----- Records shown

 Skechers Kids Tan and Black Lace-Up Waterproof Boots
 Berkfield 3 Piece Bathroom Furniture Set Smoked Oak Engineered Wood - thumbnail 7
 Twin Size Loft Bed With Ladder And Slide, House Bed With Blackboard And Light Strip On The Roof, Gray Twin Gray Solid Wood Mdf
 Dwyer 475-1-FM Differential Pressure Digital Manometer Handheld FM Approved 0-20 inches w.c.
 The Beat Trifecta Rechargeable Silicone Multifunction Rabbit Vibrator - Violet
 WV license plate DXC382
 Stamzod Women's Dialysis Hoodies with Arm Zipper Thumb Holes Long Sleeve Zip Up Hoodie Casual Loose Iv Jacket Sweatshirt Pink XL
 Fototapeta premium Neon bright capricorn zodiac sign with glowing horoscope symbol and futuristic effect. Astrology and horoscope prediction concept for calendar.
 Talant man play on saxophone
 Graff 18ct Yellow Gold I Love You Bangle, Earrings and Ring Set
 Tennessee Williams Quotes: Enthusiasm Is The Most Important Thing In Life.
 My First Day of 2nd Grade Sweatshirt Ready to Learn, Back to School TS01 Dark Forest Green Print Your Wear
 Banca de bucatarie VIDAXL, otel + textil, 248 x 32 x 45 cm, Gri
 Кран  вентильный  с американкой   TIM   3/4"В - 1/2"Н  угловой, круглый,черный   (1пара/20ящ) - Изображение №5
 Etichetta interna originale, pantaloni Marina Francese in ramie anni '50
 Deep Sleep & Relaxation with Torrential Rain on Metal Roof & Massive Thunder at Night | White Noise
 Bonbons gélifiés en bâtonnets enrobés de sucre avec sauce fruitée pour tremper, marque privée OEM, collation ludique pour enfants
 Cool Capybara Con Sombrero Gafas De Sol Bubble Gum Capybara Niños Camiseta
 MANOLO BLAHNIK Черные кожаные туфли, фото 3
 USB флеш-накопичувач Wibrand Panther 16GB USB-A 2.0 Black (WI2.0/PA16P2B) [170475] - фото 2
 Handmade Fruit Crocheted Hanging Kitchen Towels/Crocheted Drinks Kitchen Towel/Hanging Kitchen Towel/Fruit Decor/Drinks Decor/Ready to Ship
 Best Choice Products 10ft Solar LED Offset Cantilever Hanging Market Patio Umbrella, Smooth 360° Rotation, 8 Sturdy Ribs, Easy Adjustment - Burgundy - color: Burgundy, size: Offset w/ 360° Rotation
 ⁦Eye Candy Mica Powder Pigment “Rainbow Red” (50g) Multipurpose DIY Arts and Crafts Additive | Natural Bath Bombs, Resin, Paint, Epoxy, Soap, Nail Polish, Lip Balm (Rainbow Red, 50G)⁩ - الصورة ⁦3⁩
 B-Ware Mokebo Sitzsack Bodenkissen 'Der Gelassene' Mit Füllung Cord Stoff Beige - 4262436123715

----------

● **Task**
What are the lines, exactly as written above, from the line with "Deep Sleep &" to the line with "Handmade Fruit Crocheted", both included? Output only those.

● **Completed task**
 Deep Sleep & Relaxation with Torrential Rain on Metal Roof & Massive Thunder at Night | White Noise
 Bonbons gélifiés en bâtonnets enrobés de sucre avec sauce fruitée pour tremper, marque privée OEM, collation ludique pour enfants
 Cool Capybara Con Sombrero Gafas De Sol Bubble Gum Capybara Niños Camiseta
 MANOLO BLAHNIK Черные кожаные туфли, фото 3
 USB флеш-накопичувач Wibrand Panther 16GB USB-A 2.0 Black (WI2.0/PA16P2B) [170475] - фото 2
 Handmade Fruit Crocheted Hanging Kitchen Towels/Crocheted Drinks Kitchen Towel/Hanging Kitchen Towel/Fruit Decor/Drinks Decor/Ready to Ship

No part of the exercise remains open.